Dissonance of any type can be deafening. It can make it seem like everything’s just noise. It can be interpreted as such, if I choose. There is logic to assuming that we crave pattern and sense from the universe because we were made for it, but there is also logic to assuming that we only seem to see a pattern because we want to; sometimes circumstances seem to imply there is no intentionality governing what happens to us. Maybe, though, to judge all of reality by those moments of greatest dissonance is like trying to explain the legend of King Arthur by saying it’s about some guy who sleeps with his sister. That explanation is not without basis, but it also doesn’t really tell us the whole story.
I wish I could explain the whole story. Of everything. It would be so nice to be able to tell my friends, “This is why this is happening to you.” It would have been so comforting last year to say to my husband, “You’re sick now and it’s awful, but you’re going to be fine. I read ahead and you don’t have a lifelong debilitating illness after all.”
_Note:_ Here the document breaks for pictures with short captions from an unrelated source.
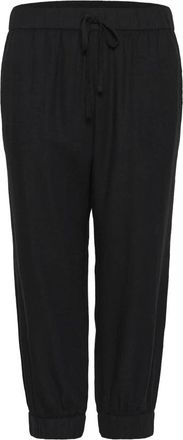 Kaffe Zwarte Diepe Capri Broek met Elastische Taille - Dames - Vrijetijds broeken - Zwart - M - Broeken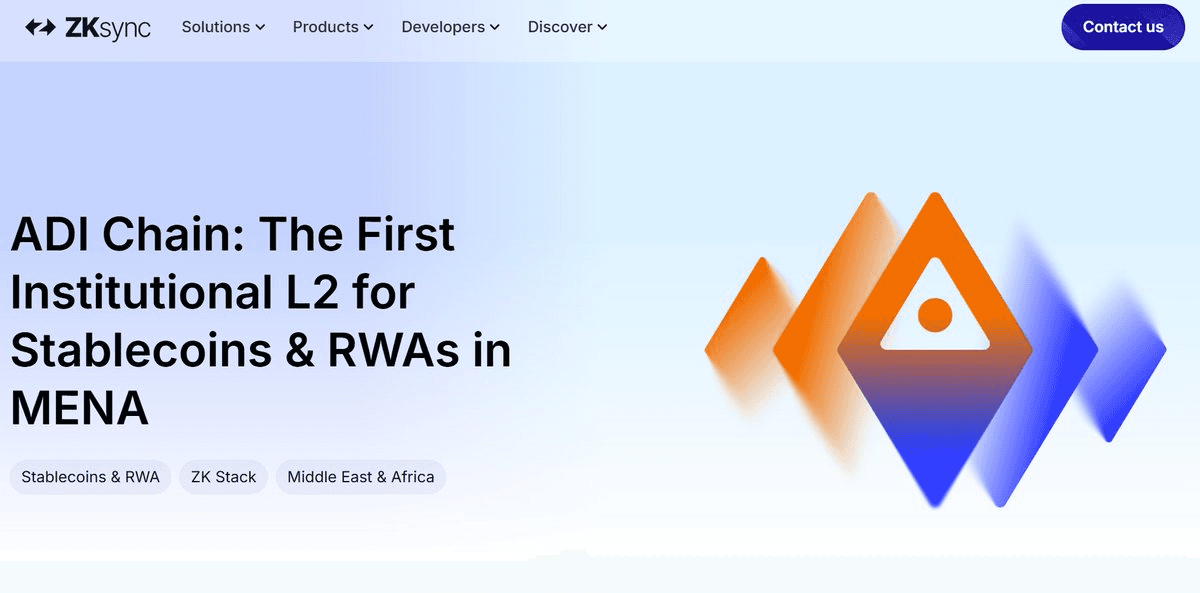 ADI Chain Selects ZKsync as Gateway for Regulated Financial Infrastructure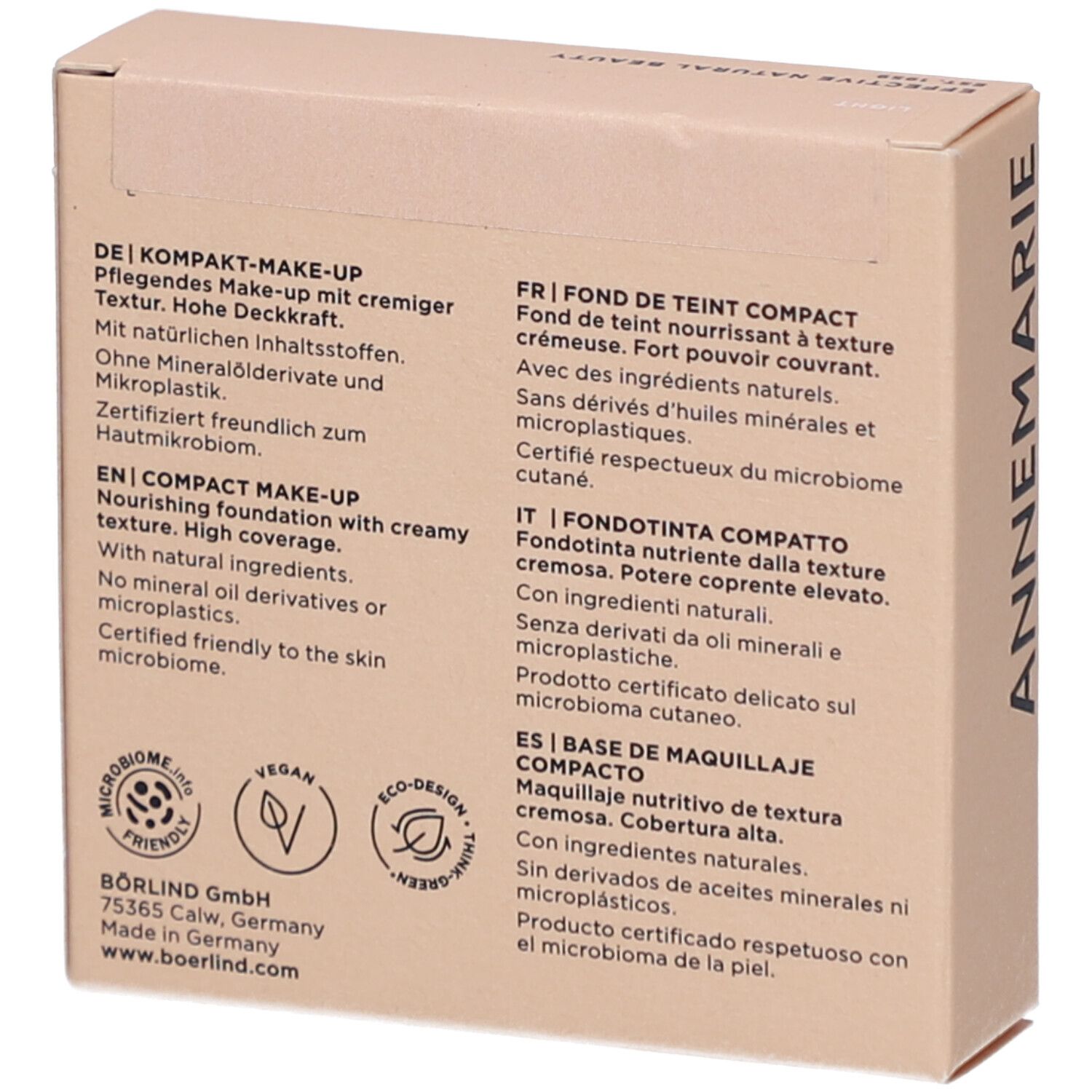 Kompakt-Make-up-Verpackung. Marke: Annemarie Börlind. Text in Deutsch, Französisch, Italienisch, Spanisch. Beige Kartonage.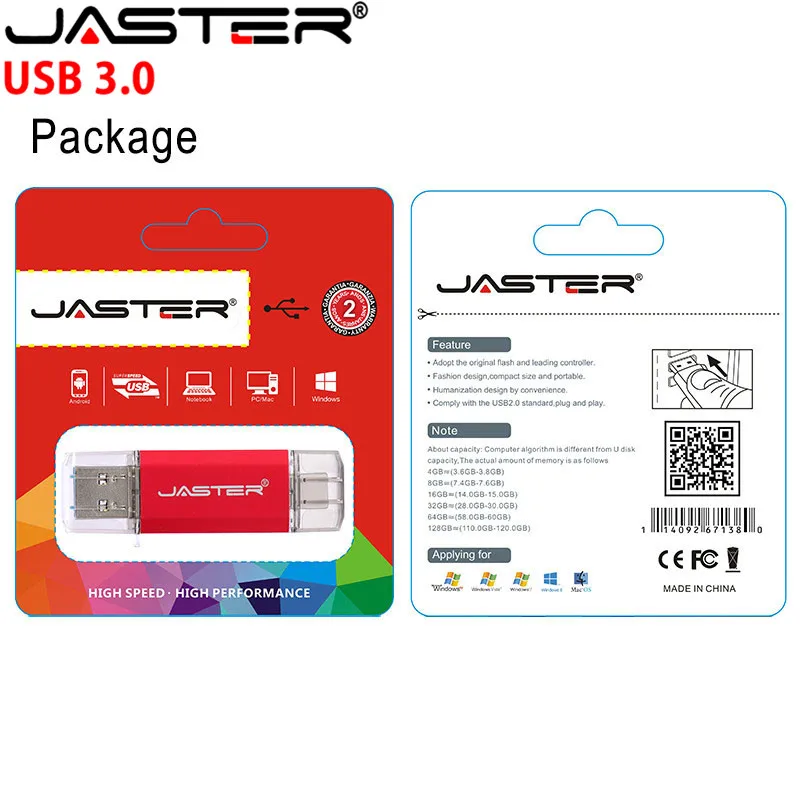 Флэш накопитель JASTER UBS 3 0 OTG USB 64 ГБ флэш 2 в 1 Type C и Micro 16 32 128 накопитель|USB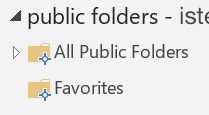 outlook 2016 for mac subscribed public folders not showing items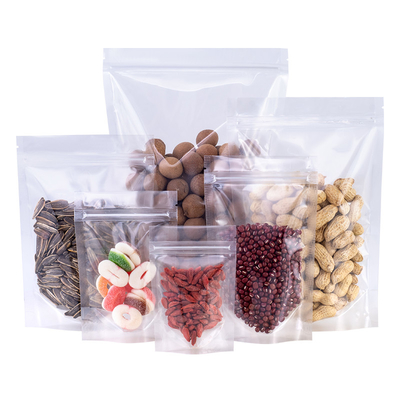 satın al Şeffaf ayağa kalkan Mylar çantaları Gıda açık yeniden kilitlenebilir ziplock çantaları online manufacture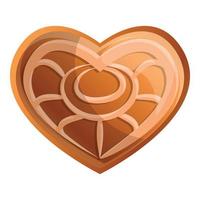 Heart gingerbread icon, cartoon style vector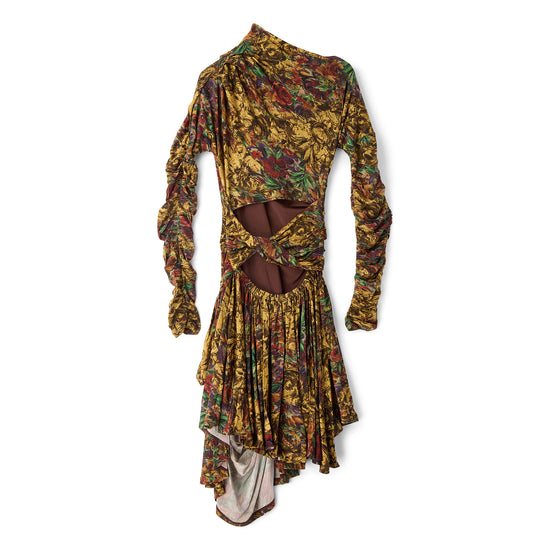 ganni printed mini dress Ganni Printed Drapey Jersey Mini Dress in Black 40 8 New Womens
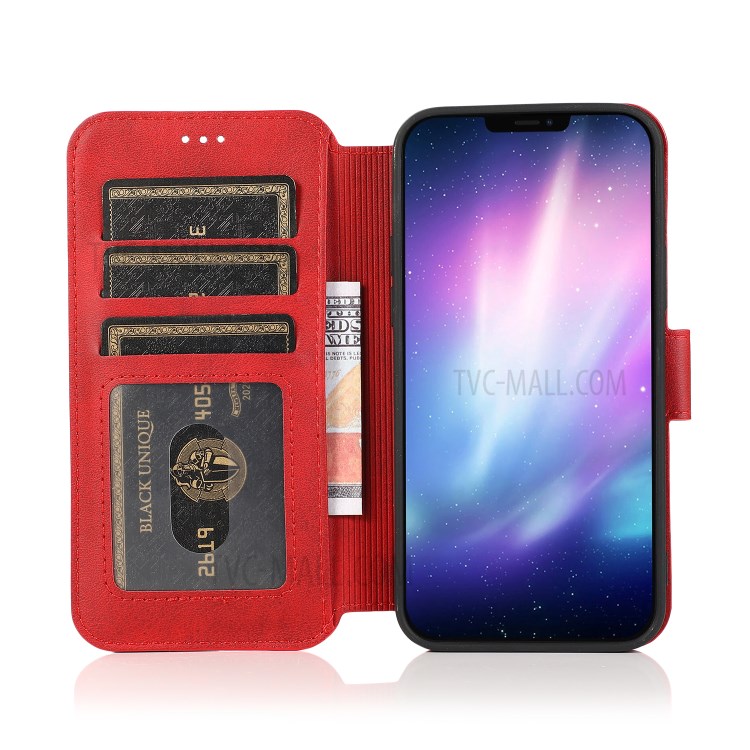 Retro Style Leather Wallet Stand Phone Case Cover for iPhone 12 Pro Max 6.7-inch - Red-6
Advent reminds us that not being reconciled to our circumstances is allowed. We are made for more than complacency. We don’t get easy answers. We get Advent. We get a promise that we are not crazy for thinking that this is not how it’s supposed to be.
I Heard the Bells on Christmas Day
I Heard the Bells on Christmas Day
Their old familiar carols play,
And wild and sweet the words repeat
Of peace on earth, good will to men.
I thought how, as the day had come,
The belfries of all Christendom
Had rolled along the unbroken song
Of peace on earth, good will to men.
And in despair I bowed my head:
“There is no peace on earth,” I said,
“For hate is strong and mocks the song
Of peace on earth, good will to men.”
Then pealed the bells more loud and deep:
“God is not dead, nor does he sleep;
The wrong shall fail, the right prevail,
With peace on earth, good will to men.”
Till, ringing, singing, on its way,
The world revolved from night to day,
A voice, a chime, a chant sublime,
Of peace on earth, good will to men!
You are eloquent and enriched me with this…. Thank you.